THE SCIENCEY BITApologies, again, for this basic, but necessary revision in calculating chance. If the explanation above wasn’t clear enough, then this section should help. Mathematically, coincidence is dealt with as the multiplicativity of events. Two sixes rolled on a dice one after the other is 1/6 x 1/6 = 1/36. Rolling any number in succession introduces alternatives, which will improve the chances of any one event occurring. Thus, the additive possibility of getting a sequence of two rolls of the same number, two 1’s, OR two 2’s, OR, two 3’s, etc., each with the same, 1 in 36 chance of occurring, is the sum of their individual probabilities, 1/36 + 1/36 + 1/36…, etc. giving 6/36, also 1/6.

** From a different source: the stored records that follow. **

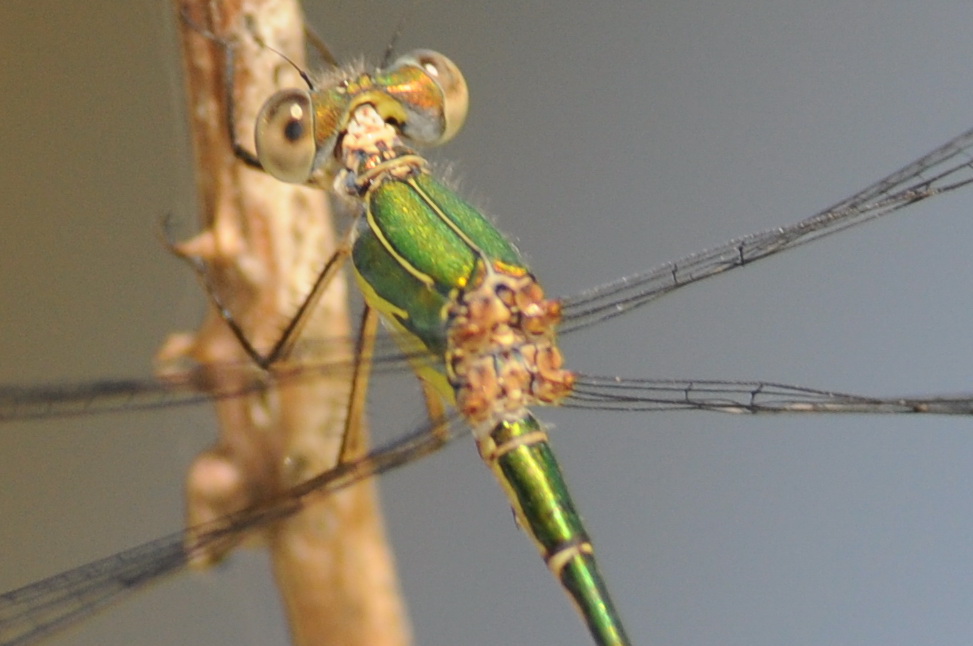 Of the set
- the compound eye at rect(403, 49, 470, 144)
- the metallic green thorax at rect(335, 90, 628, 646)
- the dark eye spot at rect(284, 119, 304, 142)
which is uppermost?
the compound eye at rect(403, 49, 470, 144)

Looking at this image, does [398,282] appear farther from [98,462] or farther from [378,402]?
[98,462]

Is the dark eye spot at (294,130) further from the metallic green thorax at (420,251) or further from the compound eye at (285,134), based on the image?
the metallic green thorax at (420,251)

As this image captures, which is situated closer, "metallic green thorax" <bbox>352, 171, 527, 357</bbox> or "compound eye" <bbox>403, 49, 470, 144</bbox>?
"metallic green thorax" <bbox>352, 171, 527, 357</bbox>

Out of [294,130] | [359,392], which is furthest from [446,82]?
[359,392]

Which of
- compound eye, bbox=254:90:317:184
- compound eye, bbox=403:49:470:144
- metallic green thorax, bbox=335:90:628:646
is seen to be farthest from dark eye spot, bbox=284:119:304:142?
compound eye, bbox=403:49:470:144

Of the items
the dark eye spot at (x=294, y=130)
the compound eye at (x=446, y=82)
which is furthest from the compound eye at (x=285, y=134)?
the compound eye at (x=446, y=82)

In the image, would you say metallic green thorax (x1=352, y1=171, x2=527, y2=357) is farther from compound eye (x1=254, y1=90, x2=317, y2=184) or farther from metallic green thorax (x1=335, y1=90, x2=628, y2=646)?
compound eye (x1=254, y1=90, x2=317, y2=184) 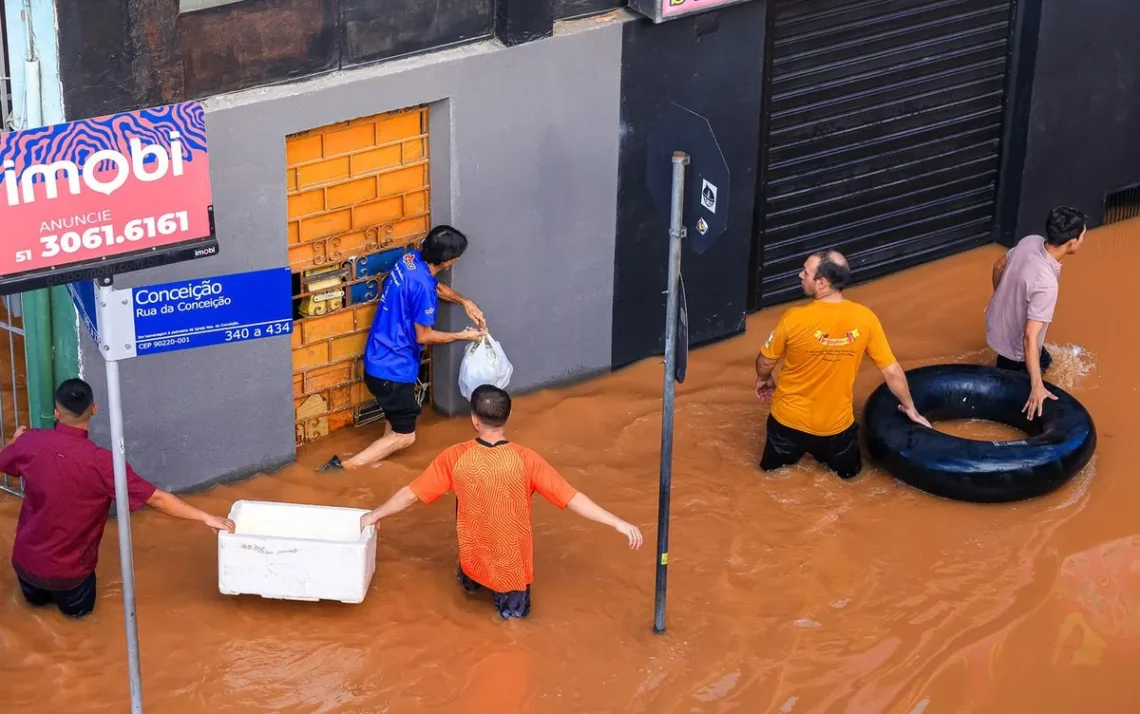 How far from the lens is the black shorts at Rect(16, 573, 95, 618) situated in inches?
327

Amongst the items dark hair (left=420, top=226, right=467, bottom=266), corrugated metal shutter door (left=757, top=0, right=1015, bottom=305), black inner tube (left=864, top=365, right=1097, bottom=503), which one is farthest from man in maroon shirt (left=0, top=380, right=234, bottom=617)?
corrugated metal shutter door (left=757, top=0, right=1015, bottom=305)

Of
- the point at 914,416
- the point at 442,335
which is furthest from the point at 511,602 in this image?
the point at 914,416

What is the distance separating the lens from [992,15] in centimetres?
1236

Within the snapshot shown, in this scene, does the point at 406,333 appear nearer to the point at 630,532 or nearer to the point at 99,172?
the point at 630,532

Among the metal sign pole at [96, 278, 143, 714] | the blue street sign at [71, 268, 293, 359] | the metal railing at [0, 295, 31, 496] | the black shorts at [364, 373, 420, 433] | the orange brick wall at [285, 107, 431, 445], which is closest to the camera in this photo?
the metal sign pole at [96, 278, 143, 714]

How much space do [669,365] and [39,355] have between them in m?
3.53

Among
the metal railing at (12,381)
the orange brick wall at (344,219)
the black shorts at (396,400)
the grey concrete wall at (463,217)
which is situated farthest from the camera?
the black shorts at (396,400)

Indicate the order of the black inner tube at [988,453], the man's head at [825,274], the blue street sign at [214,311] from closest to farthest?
the blue street sign at [214,311], the man's head at [825,274], the black inner tube at [988,453]

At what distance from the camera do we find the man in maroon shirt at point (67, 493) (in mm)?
7875

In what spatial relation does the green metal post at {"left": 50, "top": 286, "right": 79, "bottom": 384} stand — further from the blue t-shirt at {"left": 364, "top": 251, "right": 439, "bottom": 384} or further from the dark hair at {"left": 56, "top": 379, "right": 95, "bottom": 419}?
the blue t-shirt at {"left": 364, "top": 251, "right": 439, "bottom": 384}

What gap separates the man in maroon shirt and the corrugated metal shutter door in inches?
207

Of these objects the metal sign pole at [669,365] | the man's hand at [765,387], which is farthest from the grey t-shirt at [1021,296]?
the metal sign pole at [669,365]

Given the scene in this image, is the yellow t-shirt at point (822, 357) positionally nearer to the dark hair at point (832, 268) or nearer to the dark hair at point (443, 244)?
the dark hair at point (832, 268)

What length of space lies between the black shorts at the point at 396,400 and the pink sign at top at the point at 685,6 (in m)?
2.77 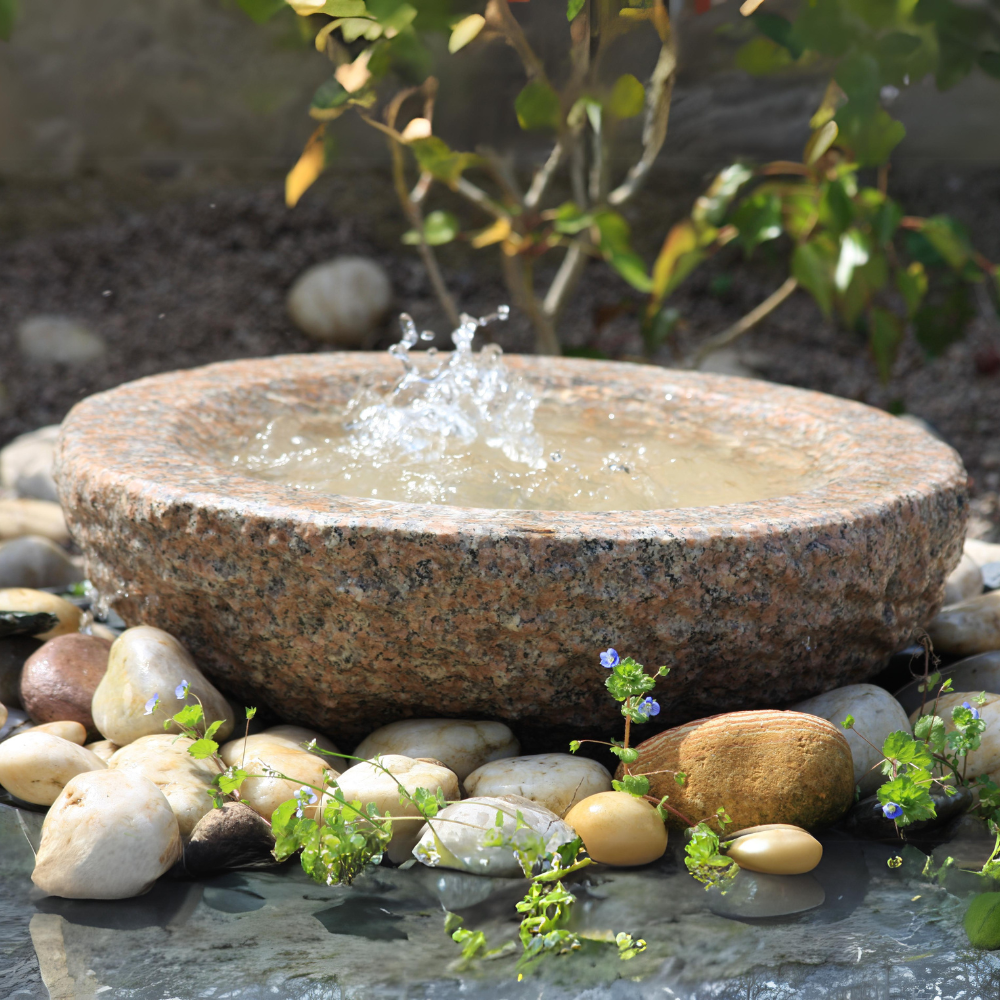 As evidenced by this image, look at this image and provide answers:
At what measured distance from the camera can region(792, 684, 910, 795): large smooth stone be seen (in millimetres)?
1877

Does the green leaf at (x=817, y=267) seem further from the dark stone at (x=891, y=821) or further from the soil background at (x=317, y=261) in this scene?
the dark stone at (x=891, y=821)

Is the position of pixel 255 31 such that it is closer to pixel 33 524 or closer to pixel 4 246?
pixel 4 246

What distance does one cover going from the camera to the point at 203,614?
1.91 metres

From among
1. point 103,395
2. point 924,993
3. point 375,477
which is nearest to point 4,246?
point 103,395

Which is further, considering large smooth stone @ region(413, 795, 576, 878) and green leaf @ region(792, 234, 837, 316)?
green leaf @ region(792, 234, 837, 316)

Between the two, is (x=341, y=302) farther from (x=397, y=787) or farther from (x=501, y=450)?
(x=397, y=787)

DON’T POINT THAT MOOT AT ME, MORIARTY!
By mooting, “How Many Coincidences Sum to the Point Where They Render the Defence of Multiple Coincidence Totally Implausible?“, Sutton is suggesting that there’s a certain threshold in coincidence as the potential of an event occurring, that translates directly into reality. He probably has in mind an accumulation of events, such as, 1/36 + 1/36 + 1/36…, etc., but this is wrong on two counts: philosophically and probabilistically. First, it’s not possible, according to the consistent effects of our Universe’s physical laws, for random events to suddenly transform into caused outcomes, as a density-dependent response. Instead each of Sutton’s ‘tree network’ connections must be established independently, always starting with the hypothetical proposition that it does not exist. If this is not the null hypothesis starting point, and you start by assuming a connection does exist, how are you going to know you did not disprove it, by finding no evidence because there isn’t any, or finding no evidence because you didn’t look in the correct places? (remember the green and blue balls? Same thing; some natural and artificial patterns are too alike to distinguish which is which).